From the records below, copy each line that has the word "Cotton" in it.

Provided data START

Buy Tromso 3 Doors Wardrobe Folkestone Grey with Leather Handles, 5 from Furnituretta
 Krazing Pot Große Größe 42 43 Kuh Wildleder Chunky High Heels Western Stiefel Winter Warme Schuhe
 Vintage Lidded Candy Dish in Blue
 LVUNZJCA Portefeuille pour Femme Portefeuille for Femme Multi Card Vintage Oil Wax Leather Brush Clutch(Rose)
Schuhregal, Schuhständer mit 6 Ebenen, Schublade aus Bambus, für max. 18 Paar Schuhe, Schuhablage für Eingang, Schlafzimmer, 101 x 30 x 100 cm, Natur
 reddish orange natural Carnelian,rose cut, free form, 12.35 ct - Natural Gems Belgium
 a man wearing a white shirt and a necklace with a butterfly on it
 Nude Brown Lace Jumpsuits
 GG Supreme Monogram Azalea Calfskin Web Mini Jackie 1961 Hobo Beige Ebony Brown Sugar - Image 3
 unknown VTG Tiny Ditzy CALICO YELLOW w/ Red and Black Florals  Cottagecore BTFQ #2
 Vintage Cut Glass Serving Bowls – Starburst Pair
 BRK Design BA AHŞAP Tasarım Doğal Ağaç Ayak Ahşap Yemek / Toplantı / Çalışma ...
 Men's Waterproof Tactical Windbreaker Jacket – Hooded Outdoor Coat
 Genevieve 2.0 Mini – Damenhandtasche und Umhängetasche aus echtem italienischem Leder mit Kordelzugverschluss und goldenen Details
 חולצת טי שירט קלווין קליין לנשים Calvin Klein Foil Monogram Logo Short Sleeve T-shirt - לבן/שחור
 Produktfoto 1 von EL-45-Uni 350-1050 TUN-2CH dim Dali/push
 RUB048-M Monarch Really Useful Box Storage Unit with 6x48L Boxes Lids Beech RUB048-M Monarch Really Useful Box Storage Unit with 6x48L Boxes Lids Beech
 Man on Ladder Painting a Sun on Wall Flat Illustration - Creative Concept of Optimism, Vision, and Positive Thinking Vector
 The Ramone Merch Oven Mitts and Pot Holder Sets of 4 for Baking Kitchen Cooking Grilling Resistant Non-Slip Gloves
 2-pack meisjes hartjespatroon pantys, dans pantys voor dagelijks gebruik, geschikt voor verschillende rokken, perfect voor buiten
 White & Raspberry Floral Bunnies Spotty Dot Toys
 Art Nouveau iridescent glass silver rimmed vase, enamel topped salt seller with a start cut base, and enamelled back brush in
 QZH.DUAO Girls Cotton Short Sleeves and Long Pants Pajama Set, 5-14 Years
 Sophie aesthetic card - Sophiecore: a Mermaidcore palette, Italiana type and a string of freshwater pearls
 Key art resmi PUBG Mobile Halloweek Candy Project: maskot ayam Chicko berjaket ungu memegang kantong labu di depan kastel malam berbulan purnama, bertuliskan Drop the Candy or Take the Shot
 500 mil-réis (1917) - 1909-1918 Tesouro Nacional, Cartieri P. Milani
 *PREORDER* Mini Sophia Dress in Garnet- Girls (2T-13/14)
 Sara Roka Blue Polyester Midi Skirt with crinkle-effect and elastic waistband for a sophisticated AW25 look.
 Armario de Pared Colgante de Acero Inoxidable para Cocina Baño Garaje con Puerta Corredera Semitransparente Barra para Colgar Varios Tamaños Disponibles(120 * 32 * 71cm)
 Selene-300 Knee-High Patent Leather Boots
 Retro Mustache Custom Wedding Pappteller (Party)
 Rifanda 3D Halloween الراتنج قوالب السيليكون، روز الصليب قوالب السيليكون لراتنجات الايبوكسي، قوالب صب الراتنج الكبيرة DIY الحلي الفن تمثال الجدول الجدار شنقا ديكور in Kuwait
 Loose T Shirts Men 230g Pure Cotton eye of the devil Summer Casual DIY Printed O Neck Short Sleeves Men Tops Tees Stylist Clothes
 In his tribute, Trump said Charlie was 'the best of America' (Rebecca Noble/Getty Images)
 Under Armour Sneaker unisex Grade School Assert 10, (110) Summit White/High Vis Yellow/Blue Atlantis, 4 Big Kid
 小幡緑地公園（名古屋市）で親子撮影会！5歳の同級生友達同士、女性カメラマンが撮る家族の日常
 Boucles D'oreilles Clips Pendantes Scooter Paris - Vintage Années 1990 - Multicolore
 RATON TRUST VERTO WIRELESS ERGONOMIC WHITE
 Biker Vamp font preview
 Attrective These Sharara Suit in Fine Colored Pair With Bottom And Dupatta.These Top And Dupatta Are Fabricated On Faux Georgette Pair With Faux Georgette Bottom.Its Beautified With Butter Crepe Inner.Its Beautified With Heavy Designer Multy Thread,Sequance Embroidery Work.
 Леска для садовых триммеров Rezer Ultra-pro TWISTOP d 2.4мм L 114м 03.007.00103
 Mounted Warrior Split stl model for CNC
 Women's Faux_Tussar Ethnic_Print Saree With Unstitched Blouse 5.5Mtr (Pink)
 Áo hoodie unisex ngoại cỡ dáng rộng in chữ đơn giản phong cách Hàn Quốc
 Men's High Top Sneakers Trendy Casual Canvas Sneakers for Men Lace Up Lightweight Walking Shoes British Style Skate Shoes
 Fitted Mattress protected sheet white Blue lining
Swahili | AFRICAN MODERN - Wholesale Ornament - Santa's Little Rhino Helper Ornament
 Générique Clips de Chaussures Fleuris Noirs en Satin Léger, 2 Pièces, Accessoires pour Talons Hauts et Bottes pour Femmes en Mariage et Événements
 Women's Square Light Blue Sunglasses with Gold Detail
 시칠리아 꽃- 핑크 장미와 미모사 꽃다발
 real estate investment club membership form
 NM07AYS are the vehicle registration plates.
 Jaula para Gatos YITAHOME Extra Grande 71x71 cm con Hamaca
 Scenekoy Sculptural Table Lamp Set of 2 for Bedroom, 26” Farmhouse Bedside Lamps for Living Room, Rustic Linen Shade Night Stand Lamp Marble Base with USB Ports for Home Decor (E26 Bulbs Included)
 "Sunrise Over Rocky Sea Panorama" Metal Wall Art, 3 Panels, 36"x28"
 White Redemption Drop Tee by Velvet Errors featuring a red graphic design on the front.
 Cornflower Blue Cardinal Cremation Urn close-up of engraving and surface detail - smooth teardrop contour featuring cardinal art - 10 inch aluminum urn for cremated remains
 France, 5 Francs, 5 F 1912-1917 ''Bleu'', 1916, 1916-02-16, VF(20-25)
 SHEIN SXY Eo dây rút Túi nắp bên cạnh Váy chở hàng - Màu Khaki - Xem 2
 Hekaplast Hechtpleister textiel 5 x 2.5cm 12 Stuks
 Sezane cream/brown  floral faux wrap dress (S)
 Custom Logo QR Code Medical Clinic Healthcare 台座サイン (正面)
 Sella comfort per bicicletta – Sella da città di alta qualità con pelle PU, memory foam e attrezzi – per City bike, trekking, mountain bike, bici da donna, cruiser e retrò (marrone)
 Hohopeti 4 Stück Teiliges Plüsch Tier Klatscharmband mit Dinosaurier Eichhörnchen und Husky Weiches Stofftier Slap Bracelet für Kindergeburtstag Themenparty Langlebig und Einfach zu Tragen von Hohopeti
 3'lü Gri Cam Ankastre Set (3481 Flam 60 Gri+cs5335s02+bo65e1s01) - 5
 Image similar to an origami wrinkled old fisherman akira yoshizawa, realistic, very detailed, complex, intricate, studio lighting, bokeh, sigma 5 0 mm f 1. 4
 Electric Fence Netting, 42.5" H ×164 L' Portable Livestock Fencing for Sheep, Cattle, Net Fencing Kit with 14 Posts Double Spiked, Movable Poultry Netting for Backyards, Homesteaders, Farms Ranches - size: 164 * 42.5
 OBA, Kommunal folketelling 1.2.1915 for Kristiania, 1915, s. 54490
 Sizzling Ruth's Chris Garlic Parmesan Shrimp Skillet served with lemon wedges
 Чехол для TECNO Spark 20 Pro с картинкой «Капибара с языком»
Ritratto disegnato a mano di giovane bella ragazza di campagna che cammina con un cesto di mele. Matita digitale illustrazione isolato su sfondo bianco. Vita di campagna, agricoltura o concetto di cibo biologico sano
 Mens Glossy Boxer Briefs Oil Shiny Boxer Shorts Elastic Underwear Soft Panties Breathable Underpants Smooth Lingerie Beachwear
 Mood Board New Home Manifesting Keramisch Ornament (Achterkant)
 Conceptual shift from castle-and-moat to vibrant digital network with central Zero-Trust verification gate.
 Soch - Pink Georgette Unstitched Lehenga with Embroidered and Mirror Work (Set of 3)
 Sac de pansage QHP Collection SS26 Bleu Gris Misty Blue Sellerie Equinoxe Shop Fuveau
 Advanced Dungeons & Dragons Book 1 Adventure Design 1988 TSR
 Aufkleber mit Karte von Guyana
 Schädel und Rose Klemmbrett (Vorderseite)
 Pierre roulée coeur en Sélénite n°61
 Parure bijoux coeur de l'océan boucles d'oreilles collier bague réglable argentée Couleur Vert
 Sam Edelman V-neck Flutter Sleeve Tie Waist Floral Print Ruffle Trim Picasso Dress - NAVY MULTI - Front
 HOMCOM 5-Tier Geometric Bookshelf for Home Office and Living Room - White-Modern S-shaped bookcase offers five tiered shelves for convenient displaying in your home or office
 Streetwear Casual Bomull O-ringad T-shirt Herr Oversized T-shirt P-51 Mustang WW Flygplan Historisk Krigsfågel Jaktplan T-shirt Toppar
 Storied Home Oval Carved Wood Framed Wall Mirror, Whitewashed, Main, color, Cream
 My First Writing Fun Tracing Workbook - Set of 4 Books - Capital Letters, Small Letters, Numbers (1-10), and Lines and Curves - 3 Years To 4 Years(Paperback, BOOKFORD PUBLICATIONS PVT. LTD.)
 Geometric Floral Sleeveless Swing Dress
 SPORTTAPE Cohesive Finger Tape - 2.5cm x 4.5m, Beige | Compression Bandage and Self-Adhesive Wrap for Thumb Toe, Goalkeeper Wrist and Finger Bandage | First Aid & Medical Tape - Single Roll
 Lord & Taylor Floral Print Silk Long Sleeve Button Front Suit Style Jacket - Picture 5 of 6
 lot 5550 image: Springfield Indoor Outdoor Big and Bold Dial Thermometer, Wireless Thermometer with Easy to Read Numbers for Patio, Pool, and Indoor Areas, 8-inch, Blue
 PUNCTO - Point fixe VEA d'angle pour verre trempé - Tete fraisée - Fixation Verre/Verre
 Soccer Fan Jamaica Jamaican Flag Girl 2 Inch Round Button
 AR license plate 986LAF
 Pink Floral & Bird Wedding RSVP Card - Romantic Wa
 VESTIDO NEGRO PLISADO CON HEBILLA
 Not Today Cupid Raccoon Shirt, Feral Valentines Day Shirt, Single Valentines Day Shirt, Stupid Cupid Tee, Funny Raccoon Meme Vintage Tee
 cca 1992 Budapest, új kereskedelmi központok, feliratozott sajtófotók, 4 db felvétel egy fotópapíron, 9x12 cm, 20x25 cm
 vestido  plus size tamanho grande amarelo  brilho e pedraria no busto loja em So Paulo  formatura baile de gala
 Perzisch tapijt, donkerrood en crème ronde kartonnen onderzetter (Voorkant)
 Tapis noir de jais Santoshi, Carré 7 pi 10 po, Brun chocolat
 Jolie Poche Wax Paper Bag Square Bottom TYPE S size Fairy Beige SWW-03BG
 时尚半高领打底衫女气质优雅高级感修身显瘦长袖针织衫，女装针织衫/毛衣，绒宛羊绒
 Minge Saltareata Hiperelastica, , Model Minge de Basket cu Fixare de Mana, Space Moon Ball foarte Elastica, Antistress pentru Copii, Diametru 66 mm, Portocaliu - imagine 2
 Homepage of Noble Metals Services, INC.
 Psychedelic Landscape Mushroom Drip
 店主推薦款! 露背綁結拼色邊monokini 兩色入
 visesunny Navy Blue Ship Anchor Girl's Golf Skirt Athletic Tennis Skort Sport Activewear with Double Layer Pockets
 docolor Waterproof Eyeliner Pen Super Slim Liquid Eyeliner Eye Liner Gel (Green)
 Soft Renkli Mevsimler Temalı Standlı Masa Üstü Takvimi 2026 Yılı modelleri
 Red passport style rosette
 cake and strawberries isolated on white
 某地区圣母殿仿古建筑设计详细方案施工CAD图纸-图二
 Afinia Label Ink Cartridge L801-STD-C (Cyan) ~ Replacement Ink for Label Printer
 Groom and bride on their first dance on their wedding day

Provided data END

Response to the task
 QZH.DUAO Girls Cotton Short Sleeves and Long Pants Pajama Set, 5-14 Years
 Loose T Shirts Men 230g Pure Cotton eye of the devil Summer Casual DIY Printed O Neck Short Sleeves Men Tops Tees Stylist Clothes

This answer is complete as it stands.